Syria – complexity, dilemmas and a quest for leadership

Richard Straub

Richard Straub, President of the Drucker Society of Europe

The theme of the Drucker Forum to be held in Vienna November 14-15 is “Managing Complexity” and Richard Straub, the President of the Peter Drucker Society Europe has been posing various provocative questions to publicize it. Recently he posed a question on Syria as a complex problem: “What should political leaders do? There is no simple answer to a situation of high complexity and unpredictability. We need politicians who are better than that. Any ideas?”
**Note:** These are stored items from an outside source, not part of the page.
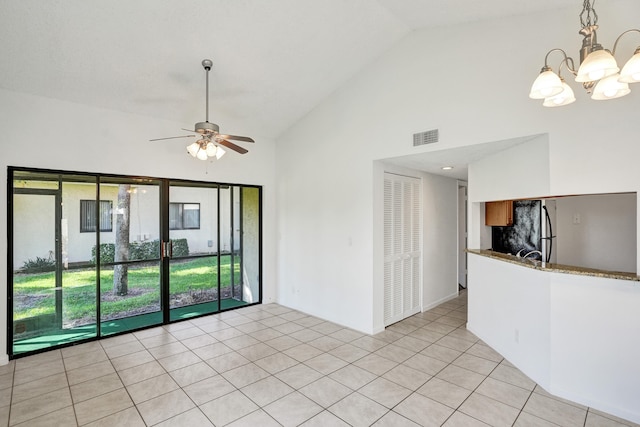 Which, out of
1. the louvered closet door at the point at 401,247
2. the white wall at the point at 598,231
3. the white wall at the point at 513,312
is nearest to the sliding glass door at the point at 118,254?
the louvered closet door at the point at 401,247

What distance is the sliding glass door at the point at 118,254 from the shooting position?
12.1 feet

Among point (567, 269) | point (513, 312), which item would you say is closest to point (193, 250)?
point (513, 312)

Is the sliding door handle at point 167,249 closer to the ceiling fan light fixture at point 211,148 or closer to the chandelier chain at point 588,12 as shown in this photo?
the ceiling fan light fixture at point 211,148

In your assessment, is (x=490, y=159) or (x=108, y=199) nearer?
(x=490, y=159)

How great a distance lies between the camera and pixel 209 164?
4.98 m

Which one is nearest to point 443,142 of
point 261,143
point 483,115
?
point 483,115

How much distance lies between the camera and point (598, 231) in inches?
144

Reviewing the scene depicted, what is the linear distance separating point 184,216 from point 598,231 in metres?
5.55

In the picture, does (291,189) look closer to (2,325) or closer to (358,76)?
(358,76)

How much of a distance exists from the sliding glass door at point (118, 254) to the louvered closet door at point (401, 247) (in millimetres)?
2490

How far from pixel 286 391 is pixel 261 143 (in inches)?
162

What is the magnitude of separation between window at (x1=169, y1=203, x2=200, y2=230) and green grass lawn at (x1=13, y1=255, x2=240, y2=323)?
557mm

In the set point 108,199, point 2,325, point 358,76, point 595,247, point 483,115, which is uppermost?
point 358,76

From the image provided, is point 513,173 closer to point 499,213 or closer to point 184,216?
point 499,213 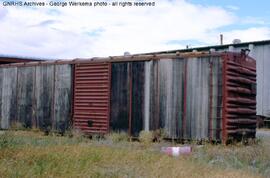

My reply had to be shortened because of the space limitations on LinkedIn. Here is the full response:

One thing we know from the US involvement in Iraq and Afghanistan (and even in Vietnam) is that we don’t want any more attempts at engineering solutions to complex , “wicked” problems. Basically an engineering approach examines the current situation, envisions a desirable future and then identifies “excellent” organizations that have already reached this enviable condition. The organizational engineers then “reverse-engineer” these excellent organizations and identify the “key success factors” that led to their success. These are then condensed into “principles” that must be “implemented”.  This approach is widely used in corporations, where its effectiveness is highly debatable but it has also been a longtime feature of American foreign policy. The result is storefront democracy, a nominal veneer applied to politics that can neither conceal not contain the raw power dynamics that rule behind the scenes.

Storefront Democracy

An engineering approach to democracy makes for dramatic announcements and high-flown rhetoric. Thus at the outset of the Iraq War George W. Bush expressed the hope that Iraq would become a federal democracy and a beacon to all the totalitarian states in the Middle East. The Americans then set about implementing all the formal trappings of democracy. Democracies have constitutions, therefore Iraq must have a constitution; democracies have institutions, therefore Iraq must have institutions; democracies have elections, therefore so must Iraq, and so on. But this mechanical approach does not work in complex systems. You can create facsimiles of the institutional forms through fiat but you cannot reproduce the causal dynamics, the ecological processes that underpin and sustain them and are the prerequisite for any viable democratic system.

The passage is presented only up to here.